The guanine biases are primarily caused by mutations in Ras family GTPases involved in cell cycle-regulating signal transduction (Figure 3B). We used the STRING database to understand the relationship between the other genes identified and Ras family GTPases (Figure 3C). This analysis shows that most of the identified genes constitute a closely related set of cell cycle regulators. There were three “outliers” that were more distantly related. USP8 was identified in the pituitary by having statistically significant enriched mutations at two residues (S718P/Y, P720Q/R) [63,64,65,66]. USP8 is a ubiquitin ligase involved in degrading tyrosine kinase receptors including EGFR [67]. Thus, inactivating USP8 mutations causes a gain of function phenotype by increasing or prolonging signaling from cell cycle-regulating receptors. KCNJ5 was identified in the adrenal gland and is described in the previous section. SAA1 had a pronounced mutation skew in penile cancers (c.230C>G, p.T77S). SAA1 codes for a protein within the amyloid A family of apolipoproteins involved in fat metabolism, inflammation, and tissue injury [68,69]. Not unexpectedly, the gene is highly expressed in fat and liver tissues [70]. SAA1 mutations have been identified in various cancers [69], but to our knowledge selection of the T77S mutation in penis cancers has not been well characterized. It was identified from characterization of several penis cancer cell lines [57], and remarkably all T77S substitutions were homozygous. SAA1 is characterized by four alpha helixes and a C-terminal tail. The mutation was identified in the ENST00000405158.2 isoform, which has 122 residues and is the longest transcript. Single nucleotide polymorphisms have been identified at the T77 position (rs1671926), but the clinical significance of these mutations is uncertain. ClinVar reports that the alternate G allele at position c.230 is more predominant in Asian populations, and the penile cancer cell lines were of Asian origin [57]. However, as discussed above for CDKN2A mutations, it is hard to conclude whether SAA1 mutations predispose patients to penile cancers because the sample size is too small. Thus, although this finding may be intriguing, more data is necessary to make any solid conclusions about the role of SAA1.
We used Integrative Oncogenomics to interrogate whether the nucleotide skews identified in this analysis occur within driver genes [16]. Indeed, we find that 14 out of the 17 genes identified are characterized as drivers (Figure 3D). Thus, we conclude that nucleotide substitution biases act as a purifying selection for mutations in driver cell cycle regulators.

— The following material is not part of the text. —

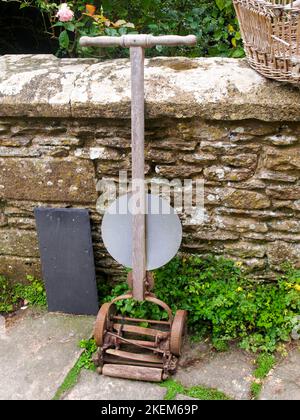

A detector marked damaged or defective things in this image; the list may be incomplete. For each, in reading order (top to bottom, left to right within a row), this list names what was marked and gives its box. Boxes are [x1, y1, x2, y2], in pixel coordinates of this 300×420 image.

rusty lawnmower blade cylinder [80, 32, 197, 380]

2.4. Genetic Correlations Between Cancers

To understand whether mutations at the nucleotide level can be actionable to identify correlations between different cancers, we use principal component analysis (PCA) (Figure 4). By applying PCA, the complex, high-dimensional data is reduced to just two principal components (PC1 and PC2), which capture the most significant variations in the mutation data. This reduction simplifies the visualization and analysis of the data, allowing us to observe patterns and clusters that might indicate similarities or differences in the genetic mutation profiles of different cancers.
Figure 4. Principal component analysis (PCA) plot of nucleotide change patterns across various cancer types. The plot displays the first two principal components (PC1 and PC2), capturing the most significant variance in the mutation data. Each point represents a different cancer type, with proximity between points indicating similarity in mutation profiles.
We find that most cancers form a cluster, indicating that the nucleotide substitution changes are similar among these cancers. However, some cancers (placenta, bone, paratesticular, lung, hematopoietic, lymphoid, pancreas, large intestine, peritoneum, gastrointestinal, and central nervous system (CNS)) separate from this cluster, suggesting that these cancers have unique nucleotide substitution skews. The analysis presented here considers nucleotide substitutions in the 25 most frequently mutated genes and includes all substitutions, including rare mutations. Taken together, these data show that although most cancers display a similar nucleotide mutational spectrum, some could be differentiated even at nucleotide resolution. Generally, cancers have been classified by differences in the mutated genes, but here we show that nucleotide substitution differences can also be used to classify cancers. This suggests that for some cancers unique genomic mutational processes are at work.

3. Materials and Methods

3.1. Data Accession and Processing

Excel files with mutation data for 43 different cancer types and one non-specified were downloaded from the Catalogue of Somatic Mutations in Human Cancers (COSMIC) [38]. All files were first sorted by GENE_NAME. Then, non-substitution samples were removed according to the MUTATION_CDS column, and alternative transcripts of each gene were removed by filtering out trailing _ENST in the gene names. Finally, only those mutations occurring within coding regions were retained based on the MUTATION_AA column.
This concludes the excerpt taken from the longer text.